## Exercise description
The task calls for the lines below from the line with "Pink Flowered Crop Top" to the line with "MILTON s-784 T-Style", both ends included, copied exactly, without any pictures.

## Data shown
*** Begin section ***

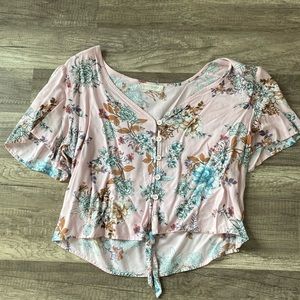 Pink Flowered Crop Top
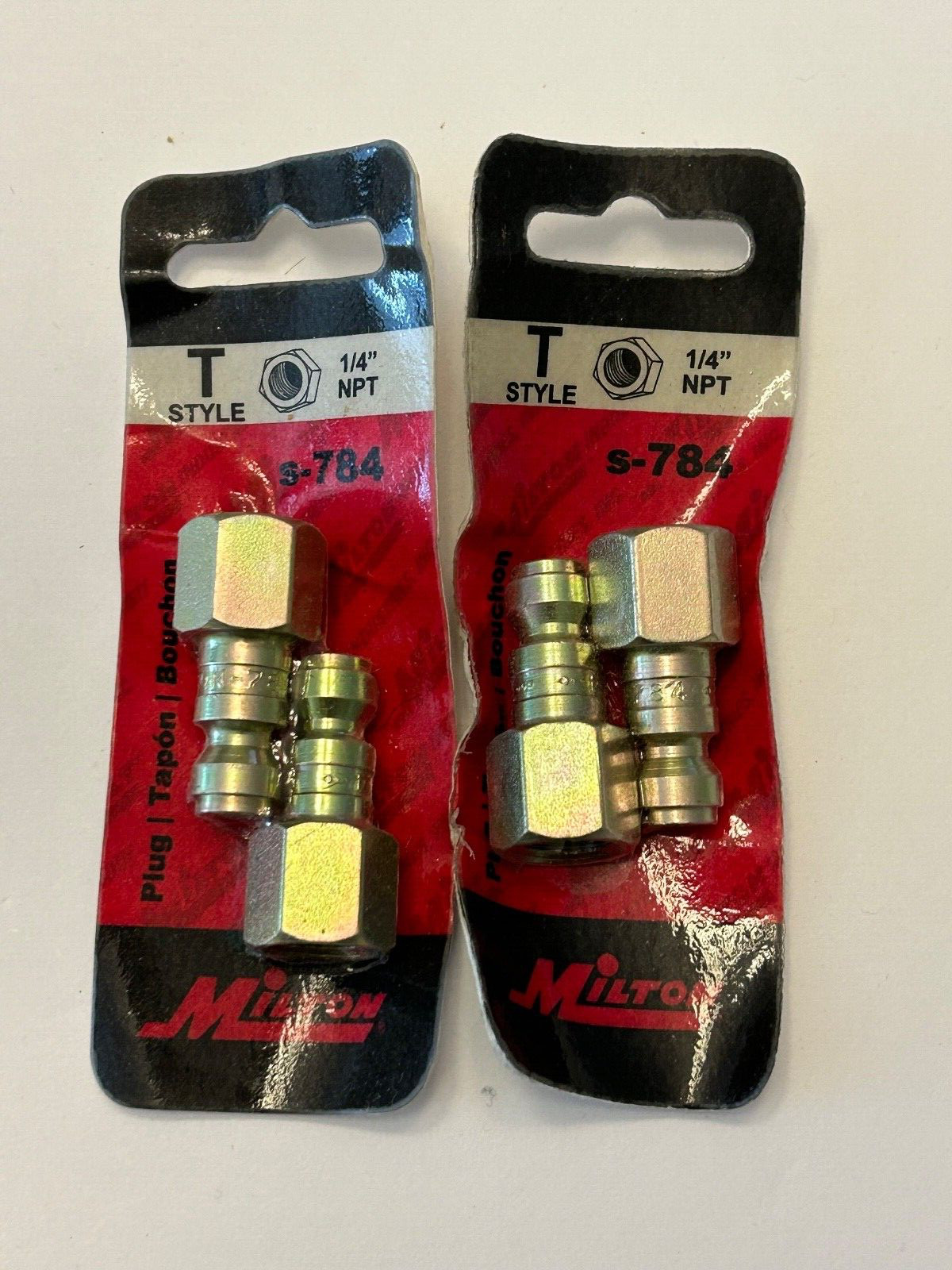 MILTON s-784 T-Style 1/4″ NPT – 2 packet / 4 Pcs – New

*** End section ***
*** Begin section ***

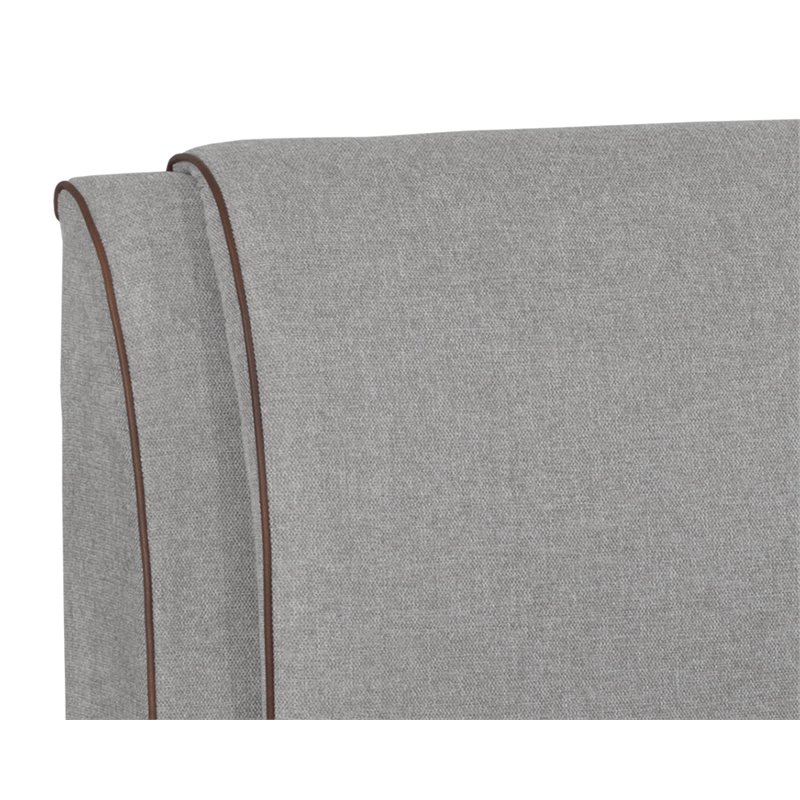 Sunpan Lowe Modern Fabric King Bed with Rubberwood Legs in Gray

*** End section ***

## Answer below
 Pink Flowered Crop Top
 MILTON s-784 T-Style 1/4″ NPT – 2 packet / 4 Pcs – New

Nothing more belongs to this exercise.